Gold’s annual average price last year was US$1,268 per ounce, and is forecasted at US$1,400 for 2019, according to Toronto-based Bank of Nova Scotia’s global outlook for the fourth quarter. Gold could shine even brighter in 2020, with prices forecasted to average US$1,550 per ounce, up from US$1,350 per ounce in Scotiabank’s previous outlook.
Gold’s resurgence can be attributed to rising geopolitical risk, which boosts demand for safe-haven assets, and looser monetary policy, which reduces the opportunity cost of holding non-yielding bullion.
“While base metals, most notably copper, have waned amidst weak investment and a sluggish Chinese economy, precious metals like gold have traded at their strongest levels since the eurozone crisis as investors retreat into haven assets and central banks’ prior tightening paths give way to renewed interest rate cuts,” Scotiabank’s outlook said.
Gold’s resilience amid climate risk
As macroeconomic factors help push investors toward gold, they might also want to consider how the precious metal fares on climate risk.
A report released today by U.K.-based World Gold Council examined how gold’s role as an investment could potentially be affected by climate-related risks, compared to other investments. (The council acts as the gold industry’s market development organization, and the report was produced with technical support from independent sustainability consultancy Anthesis.)
The council has refined its emissions estimates associated with gold’s production and consumption, which totalled about 126 million tonnes of carbon dioxide equivalent.

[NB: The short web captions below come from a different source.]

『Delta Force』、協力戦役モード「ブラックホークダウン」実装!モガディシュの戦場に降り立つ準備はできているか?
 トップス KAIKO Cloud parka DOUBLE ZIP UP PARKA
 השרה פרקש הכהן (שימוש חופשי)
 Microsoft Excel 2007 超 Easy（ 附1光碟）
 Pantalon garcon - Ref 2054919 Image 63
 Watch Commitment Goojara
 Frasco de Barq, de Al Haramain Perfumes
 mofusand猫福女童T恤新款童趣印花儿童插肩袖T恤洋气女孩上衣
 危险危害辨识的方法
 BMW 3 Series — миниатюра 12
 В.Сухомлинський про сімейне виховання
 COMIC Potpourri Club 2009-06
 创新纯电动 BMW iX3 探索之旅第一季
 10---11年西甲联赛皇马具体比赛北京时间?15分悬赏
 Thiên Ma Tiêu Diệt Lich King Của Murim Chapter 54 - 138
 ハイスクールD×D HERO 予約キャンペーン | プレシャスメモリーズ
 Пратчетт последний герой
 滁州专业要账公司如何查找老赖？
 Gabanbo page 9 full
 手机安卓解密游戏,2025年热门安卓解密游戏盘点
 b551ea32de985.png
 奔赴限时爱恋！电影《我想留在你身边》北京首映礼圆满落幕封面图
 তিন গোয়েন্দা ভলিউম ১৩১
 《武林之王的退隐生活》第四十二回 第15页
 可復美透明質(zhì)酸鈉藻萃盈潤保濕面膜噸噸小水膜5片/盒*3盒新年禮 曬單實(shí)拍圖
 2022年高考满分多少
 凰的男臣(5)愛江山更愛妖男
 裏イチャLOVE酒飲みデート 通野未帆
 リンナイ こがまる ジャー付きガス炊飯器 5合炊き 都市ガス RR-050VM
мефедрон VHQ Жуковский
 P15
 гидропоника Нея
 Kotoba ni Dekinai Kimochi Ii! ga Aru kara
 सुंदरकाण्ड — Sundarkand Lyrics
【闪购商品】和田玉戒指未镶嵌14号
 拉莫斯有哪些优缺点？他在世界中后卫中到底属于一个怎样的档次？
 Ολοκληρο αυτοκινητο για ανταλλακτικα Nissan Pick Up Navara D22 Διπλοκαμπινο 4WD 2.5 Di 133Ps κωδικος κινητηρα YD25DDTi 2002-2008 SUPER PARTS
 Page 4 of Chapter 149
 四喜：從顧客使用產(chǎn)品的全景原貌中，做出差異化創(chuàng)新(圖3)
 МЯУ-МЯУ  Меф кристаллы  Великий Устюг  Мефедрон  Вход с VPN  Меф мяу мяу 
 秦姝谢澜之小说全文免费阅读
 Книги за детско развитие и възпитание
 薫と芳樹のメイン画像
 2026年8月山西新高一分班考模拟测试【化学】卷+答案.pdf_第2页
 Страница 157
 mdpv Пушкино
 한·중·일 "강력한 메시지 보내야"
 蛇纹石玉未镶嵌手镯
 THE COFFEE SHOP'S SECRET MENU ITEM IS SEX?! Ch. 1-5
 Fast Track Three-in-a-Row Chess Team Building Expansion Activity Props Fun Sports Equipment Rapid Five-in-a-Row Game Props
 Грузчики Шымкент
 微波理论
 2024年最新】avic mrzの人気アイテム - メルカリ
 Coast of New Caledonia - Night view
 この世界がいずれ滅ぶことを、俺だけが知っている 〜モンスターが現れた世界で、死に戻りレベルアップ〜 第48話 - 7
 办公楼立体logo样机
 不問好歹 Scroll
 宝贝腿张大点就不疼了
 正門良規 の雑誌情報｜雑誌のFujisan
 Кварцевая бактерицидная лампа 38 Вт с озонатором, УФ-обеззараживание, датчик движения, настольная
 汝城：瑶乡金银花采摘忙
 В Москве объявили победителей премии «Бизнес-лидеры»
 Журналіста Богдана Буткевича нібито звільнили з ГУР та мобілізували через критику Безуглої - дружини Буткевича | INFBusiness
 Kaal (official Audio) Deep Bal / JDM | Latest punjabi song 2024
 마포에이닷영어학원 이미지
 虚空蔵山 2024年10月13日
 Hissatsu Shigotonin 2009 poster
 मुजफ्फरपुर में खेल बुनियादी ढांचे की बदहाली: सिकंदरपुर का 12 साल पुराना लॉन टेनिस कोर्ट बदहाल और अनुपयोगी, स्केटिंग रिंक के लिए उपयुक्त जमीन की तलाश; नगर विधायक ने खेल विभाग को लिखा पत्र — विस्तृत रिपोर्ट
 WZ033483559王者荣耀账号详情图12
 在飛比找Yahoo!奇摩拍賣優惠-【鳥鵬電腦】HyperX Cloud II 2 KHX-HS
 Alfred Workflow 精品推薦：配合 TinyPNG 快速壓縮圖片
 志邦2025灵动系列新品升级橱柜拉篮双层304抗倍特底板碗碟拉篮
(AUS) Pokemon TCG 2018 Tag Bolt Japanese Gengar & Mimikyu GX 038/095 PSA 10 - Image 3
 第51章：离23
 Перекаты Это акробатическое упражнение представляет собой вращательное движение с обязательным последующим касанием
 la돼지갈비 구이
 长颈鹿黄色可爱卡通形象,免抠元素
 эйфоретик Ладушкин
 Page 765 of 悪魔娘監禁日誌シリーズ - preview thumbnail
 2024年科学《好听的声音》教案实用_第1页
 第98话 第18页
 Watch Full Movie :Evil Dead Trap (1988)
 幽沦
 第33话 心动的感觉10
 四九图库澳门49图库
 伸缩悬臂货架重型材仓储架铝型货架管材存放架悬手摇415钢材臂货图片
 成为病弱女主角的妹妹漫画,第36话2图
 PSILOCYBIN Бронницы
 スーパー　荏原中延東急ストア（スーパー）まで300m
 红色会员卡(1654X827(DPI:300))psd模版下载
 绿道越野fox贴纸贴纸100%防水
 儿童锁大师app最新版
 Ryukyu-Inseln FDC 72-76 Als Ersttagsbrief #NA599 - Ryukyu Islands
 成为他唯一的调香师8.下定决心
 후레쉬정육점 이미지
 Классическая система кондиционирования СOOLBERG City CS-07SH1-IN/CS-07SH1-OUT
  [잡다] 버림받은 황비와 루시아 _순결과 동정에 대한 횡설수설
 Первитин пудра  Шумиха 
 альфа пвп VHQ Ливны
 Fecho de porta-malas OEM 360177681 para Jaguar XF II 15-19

That figure was 124 million tonnes in 2018. The newer figure comprises all aspects of production and consumption, whereas the older one focused on production only.
The primary source of emissions was found to be energy use in gold production. To move the needle on those emissions, the report outlined suggestions to transition toward net-zero practically and cost-effectively. These included sourcing renewable electricity and upgrading to energy-efficient technologies.
Several companies’ attempts at such innovation were described in the report. For example, Agnico Eagle, headquartered in Toronto, is working with local experts in Nunavut to build alternative energy sources — specifically, hydroelectric transmission and fibre-optic infrastructure.
The report also considered gold’s risk-return profile and portfolio performance relative to other assets in the context of climate-related risks. It found that gold’s performance was “relatively robust” across various climate scenarios of increasing global temperatures, in part due to its role as a safe-haven market insurance.
That bodes well for gold, as does increased market volatility, the report concluded: “Gold’s roles as a risk hedge, portfolio diversifier and market insurance asset are well documented; heightened market volatility and uncertainty from climate-related risks should therefore be supportive of gold.”